Bouncy Bo and Little Smudge live in a castle with their very serious-minded father, Mr Judge. All the adults they encounter are serious too and whenever the siblings try to enjoy themselves, all they hear is “Don’t be silly!”
After a consultation the two little ones decide that perhaps if they try to be grown up, their father will be impressed. They don what they consider appropriate clothing but their endeavours fail to impress.
One day their father instructs them to put on winter gear and implores them not to be silly as they’re off to visit their grandparents, who have just returned from a very long tour. A big surprise awaits Bo and Smudge when their Grandma and Grandpa greet them thus …
and proceed to carry out all kinds of unexpected and very energetic antics. This pair really do know how to enjoy life but what will be the reaction of their grandchildren?
Padmacandra’s tale, told through a jaunty rhyming text containing that oft repeated titular catchphrase and comical illustrations is a delight. There’s a wealth of detail in every picture, large or small, that provides additional stories for the observant.
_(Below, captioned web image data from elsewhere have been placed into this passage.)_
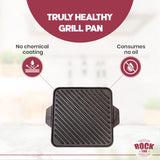 ROCK TAWA REVERSIBLE GRILL/TAWA 10.5 INCH/1 LITRE PRE-SEASONED CAST IRON SKILLET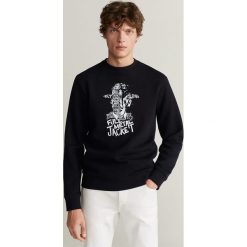 Mango Man - Bluza Jacket. Czarne bluzy męskie Mango Man, s, z nadrukiem, z bawełny, z okrągłym kołnierzem, bez rękawów, bez kaptura. W wyprzedaży za 59,90 zł.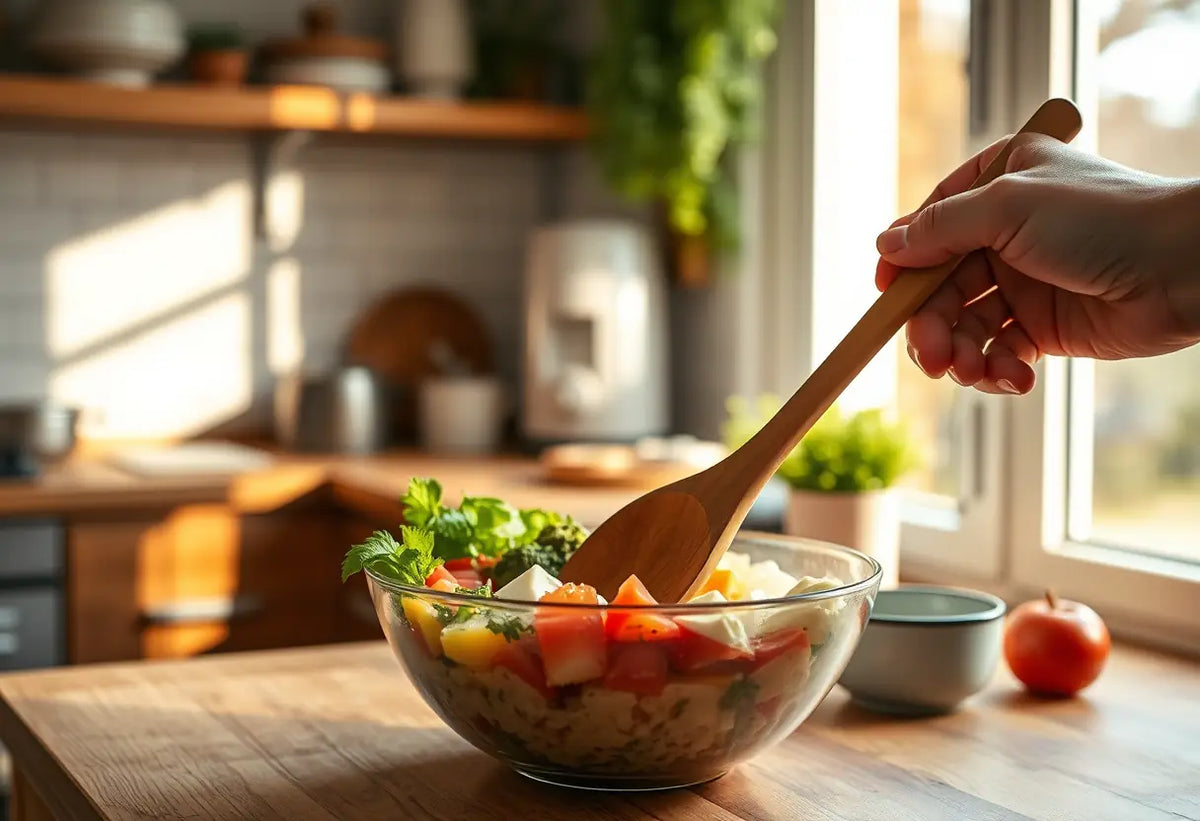 Main dans une cuisine préparant des ingrédients frais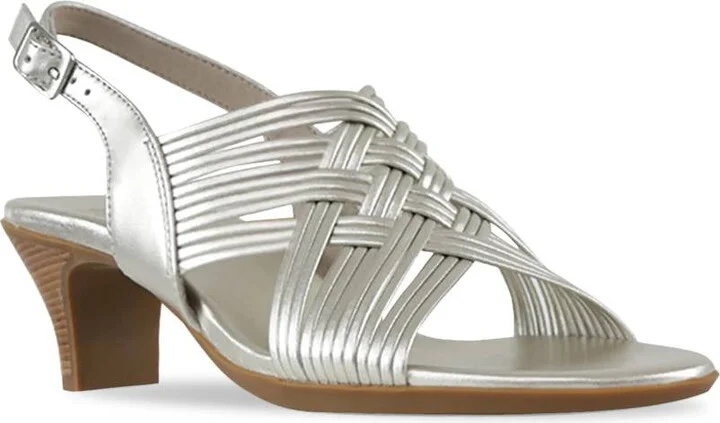 Marianna Slingback Sandal In Metallic Leather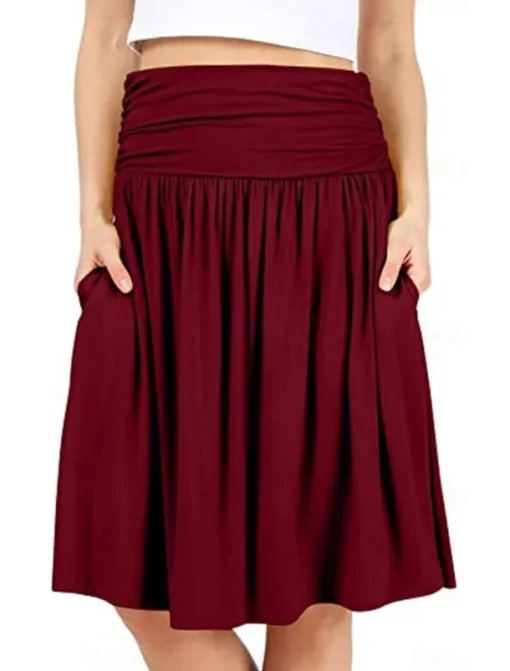 Women's Skirt A Line Basic Casual Knee-length High Waist Skirts Solid Colored Pocket Casual Daily Weekend Camel Wine Black Army Green Summer Cotton
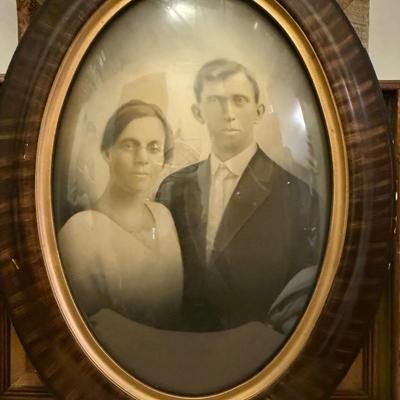 Oil painting, Eskimo girl sketch and antique photo in oval frame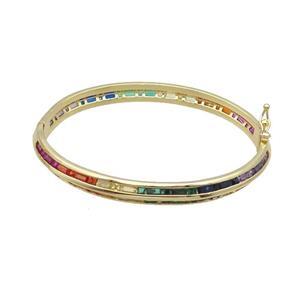Copper Bangle Pave Multicolor Zircon Gold Plated, approx 6.5mm, 50-60mm
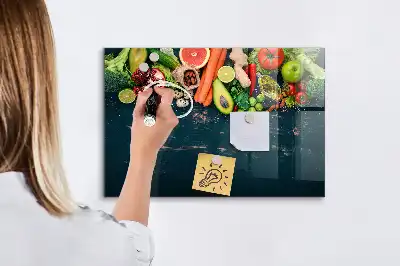 Magnetic dry erase board with vegetables on the table design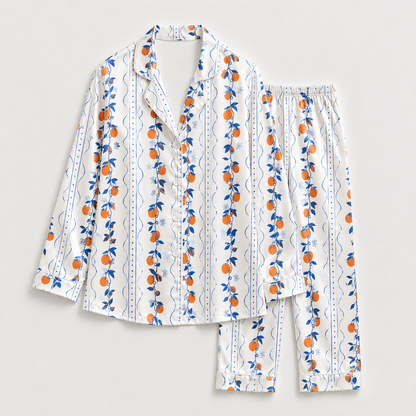 PJ-M196-White Satin Orange Pajama Apparel, Botanical Vine Pattern Loungewear Sleepwear Collection Top Bottom Clothing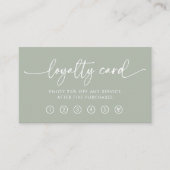 Sage Green | Modern Handwritten Script ロイヤリティカード (正面)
The message is a vital one: fun is a key ingredient if you are to live your life to the full.
The Tale of the Whale Karen Swann and Padmacandra Scallywag Press
Karen Swann’s lyrical story begins with a child on a lighthouse spying a whale out at sea, a whale whose sweet-sounding song calls the child to climb aboard its back and join it on an amazing marine adventure.
An adventure through marine waters that turns from the utter heartfelt joy at seeing the incredible life under the ocean – the stunning colours, the octopus,
turtles, rays, dolphins and more to shock horror and understanding when the whale opens wide its mouth to eat.
This is followed by sadness and, once back on land, a determination to tell others and an earnest plea from the young storyteller to be part of the change. It’s a plea that will surely galvanise youngsters and adults alike to work together on this crucial environmental problem caused by plastic pollution.
Padmacandra’s illustrations are truly gorgeous capturing both the friendship between child and majestic animal, and the richness and vibrancy of the oceans’ fauna. This is the debut picture book for both author and illustrator and it’s one where words and pictures work in perfect harmony. The observant among readers and listeners will spot the point in the story when plastic starts to be included in the subaquatic scenes.